* _Exercise instructions_
Exact repetition, pictures omitted: give every record below again.

══ Data section ══

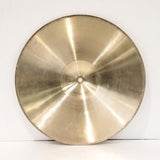 VINTAGE_1980's_Formula_602_Heavy_Hihat_14''_pair_[1060g_1105g]_05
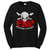 ESP GUITARS LOGO Long Sleeve T-Shirt ESP GUITARS LOGO Long Sleeve T-Shirt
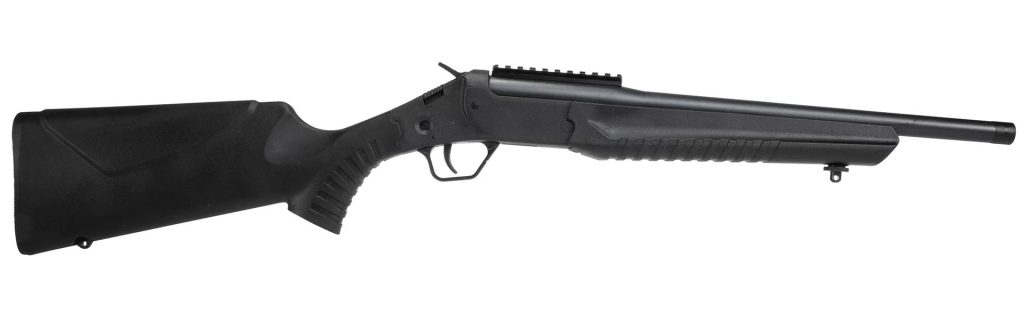 Rossi LWC Lightweight Carbine single shot rifle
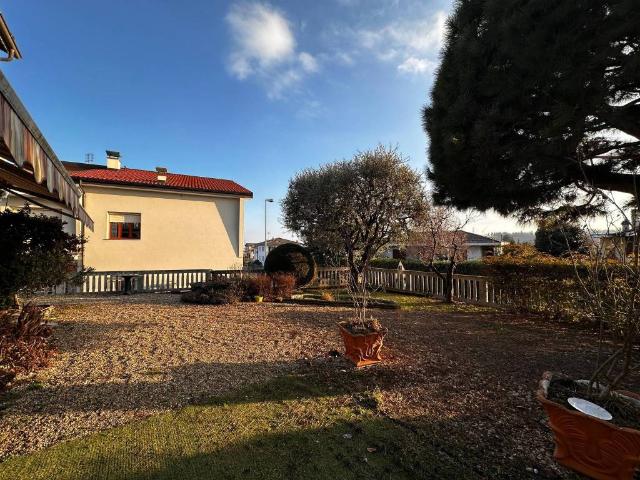 Casa indipendente in vendita a Rivara TO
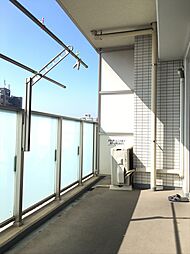イニシア大田六郷テラス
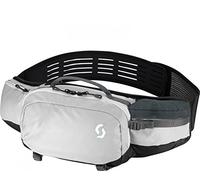 SCOTT Hipbelt Trail FR` Fahrrad Hüfttasche grau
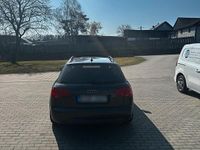 Gebraucht Audi A4 180 PS (132 kW) 2006 Schwarz Kombi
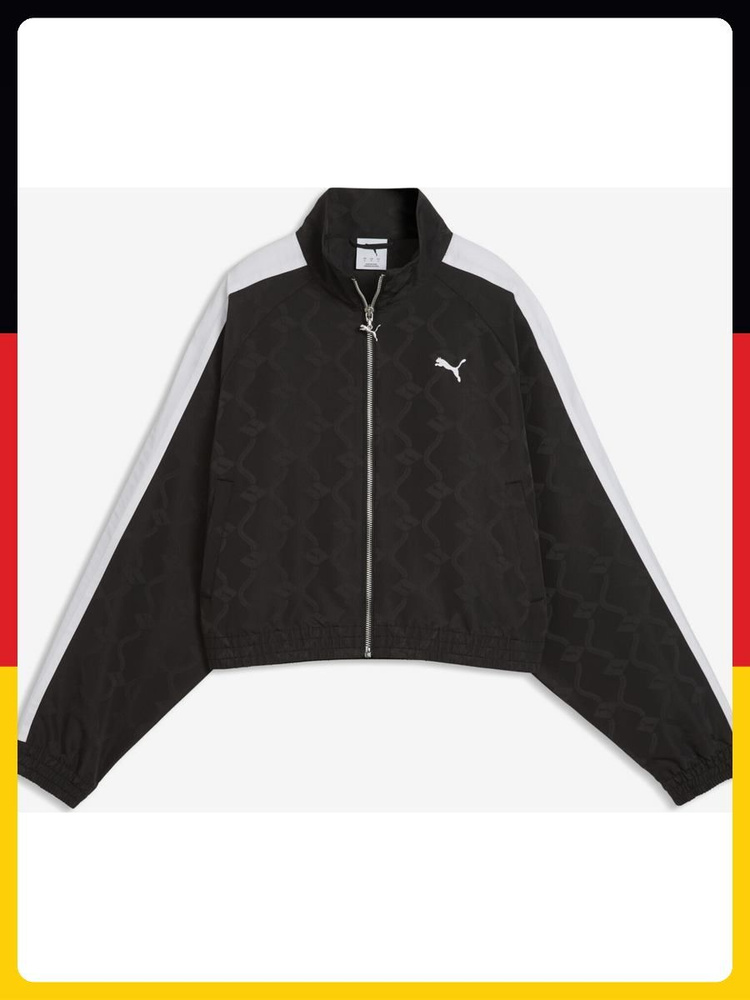 Олимпийка PUMA #1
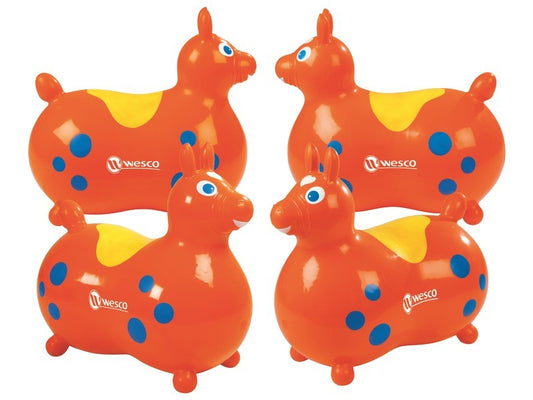 Obří balóny - maxi balení obřích poníků "rody"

═══

* _Expected answer_
 VINTAGE_1980's_Formula_602_Heavy_Hihat_14''_pair_[1060g_1105g]_05
 ESP GUITARS LOGO Long Sleeve T-Shirt ESP GUITARS LOGO Long Sleeve T-Shirt
 Rossi LWC Lightweight Carbine single shot rifle
 Casa indipendente in vendita a Rivara TO
イニシア大田六郷テラス
 SCOTT Hipbelt Trail FR` Fahrrad Hüfttasche grau
 Gebraucht Audi A4 180 PS (132 kW) 2006 Schwarz Kombi
 Олимпийка PUMA #1
 Obří balóny - maxi balení obřích poníků "rody"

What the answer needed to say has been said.